■ **Input data**
+++

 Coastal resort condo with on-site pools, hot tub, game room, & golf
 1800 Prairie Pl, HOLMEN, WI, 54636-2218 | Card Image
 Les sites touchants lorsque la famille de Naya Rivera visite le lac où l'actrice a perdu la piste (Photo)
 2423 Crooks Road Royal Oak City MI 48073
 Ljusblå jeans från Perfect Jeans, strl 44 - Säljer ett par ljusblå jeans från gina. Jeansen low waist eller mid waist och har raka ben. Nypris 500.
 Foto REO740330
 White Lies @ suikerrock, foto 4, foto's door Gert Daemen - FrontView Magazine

+++

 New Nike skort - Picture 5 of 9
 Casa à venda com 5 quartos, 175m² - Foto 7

+++

■ **Required work**
Scan the lines above for "Coastal resort condo" and for "2423 Crooks Road Royal Oak City MI 48073". Repeat exactly the line holding each of them and every line in between.

■ **Answer to the exercise**
 Coastal resort condo with on-site pools, hot tub, game room, & golf
 1800 Prairie Pl, HOLMEN, WI, 54636-2218 | Card Image
 Les sites touchants lorsque la famille de Naya Rivera visite le lac où l'actrice a perdu la piste (Photo)
 2423 Crooks Road Royal Oak City MI 48073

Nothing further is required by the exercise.